A computational toolkit in R for the integration, exploration, and analysis of high-dimensional single-cell cytometry and imaging data.
https://immunedynamics.github.io/spectre/
MIT License
57 stars 22 forks source link

Error processing large IMC dataset in advanced analysis - 1. Add Masks #198

Open RoryCostell opened 1 month ago

RoryCostell commented 1 month ago

Hi,

I'm having trouble processing a large IMC dataset. The ROIs are 2000x2000 with a 42-marker panel. There are 61 of these ROIs and they have been segmented using Ilastik successfully (although it took about a week to process).

The issue arises when Spectre is generating the polygons and outlines for the spatial data, the RAM usage for R shoots up and I'm assuming it reaches the limit for my computer (M1 Max, 64Gb RAM).

This is after the command spatial.dat <- do.create.outlines(dat = spatial.dat, mask.name = i)

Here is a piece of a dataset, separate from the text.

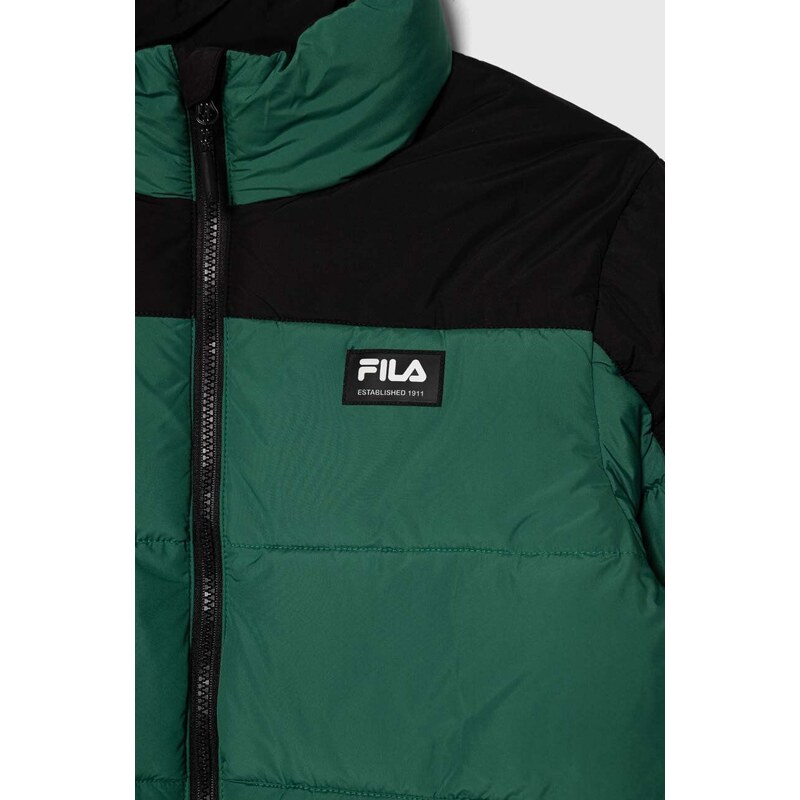 Dětská bunda Fila THALWENDEN blocked puff jacket zelená barva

Initially, it would give the error 'Error: vector memory exhausted (limit reached?)', however, I had to increase it beyond 150Gb - I have attached a screenshot of the usage. Currently, it is set at 250Gb using R_MAX_VSIZE=250Gb in .Renviron

Now R just crashes after the polygon step.

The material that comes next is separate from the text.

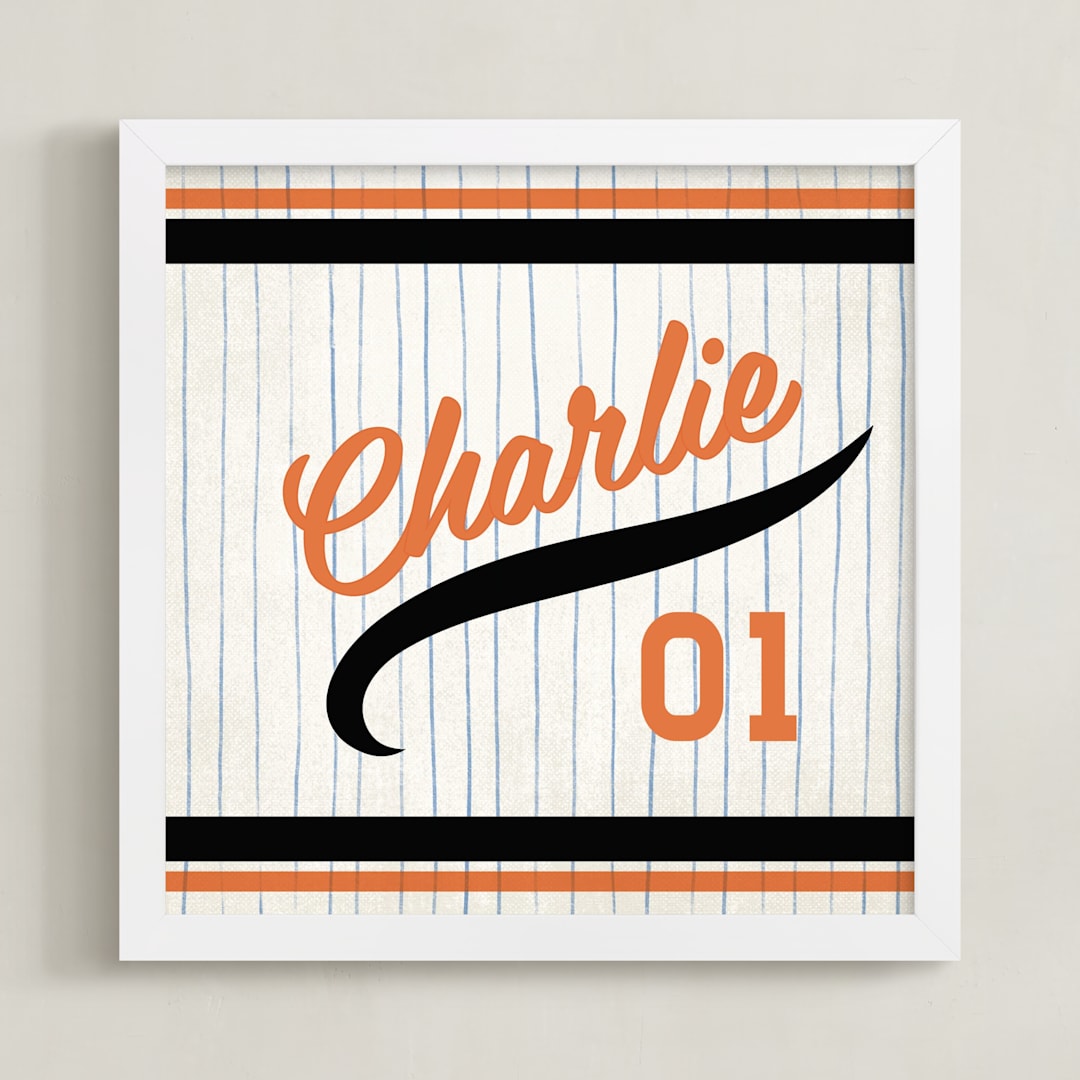 "Vintage Jersey - Orange/Black" - Personalized Art Print in Orange/Black by Jessie Steury - Framed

Screenshot 2024-10-01 at 6 16 07 PM

I'm wondering whether it is still possible to analyse these IMC images with Spectre, whether I need to redo the Ilastik step differently or whether I simply need a larger computer to analyse these images?

I can send you the IMC files and masks to try if you need to reproduce the error on your end, but as there is no error code (just a crash), I'm unsure where to go.

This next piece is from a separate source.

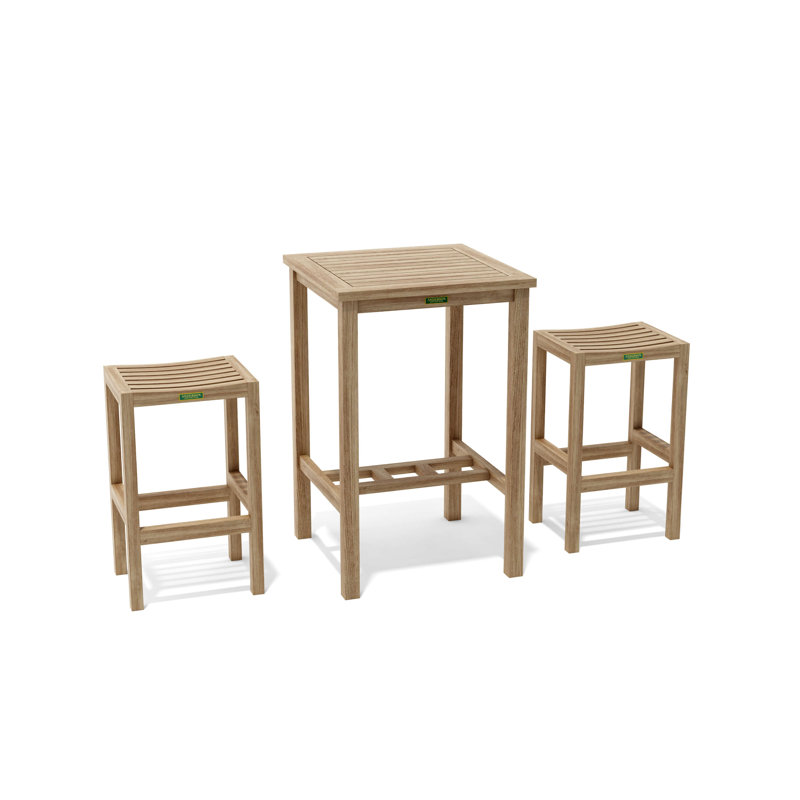 Ensemble repas en bois de teck avec table carrée Avalon, (No Cushion), 2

ghar1821 commented 1 month ago

Hi @RoryCostell, how big is the list in your spatial.dat? If you only have 1 element in it, then I'm more inclined to say you need bigger computer. But if you have several, maybe see if you can split it into multiple lists and run do.create.outlines a several times (one per list)? After it finishes, then you can recombine the lists and proceed.

RoryCostell commented 1 month ago

Hi @ghar1821 - my list has 61 elements, but the function stops at the first ROI. Sorry for the silly question - is this the right command to see?

Screenshot 2024-10-23 at 2 13 02 PM

ghar1821 commented 3 weeks ago

yes that's the right function to run.

Is it possible to export the current spatial.dat out into either RDS or QS (https://cran.r-project.org/web/packages/qs/vignettes/vignette.html) object, create a new object containing just 1 element in spatial.dat, remove spatial.dat from memory, and run do.create.outlines? That way, the function will have more memory to run.

So something like the following:

library(qs)

qsave(spatial.dat, "myfolder/spatial_dat_full.qs")

spatial.dat.subset <- list()
spatial.dat.subset[[1]] <- spatial.dat[[1]]

rm(spatial.dat)

spatial.dat.subset <- do.create.outlines(dat = spatial.dat.subset, mask.name = i)

qsave(spatial.dat.subset, "myfolder/spatial_dat_1_with_outline.qs")

# load element 2 and repeat. Can put the above into a loop if it works.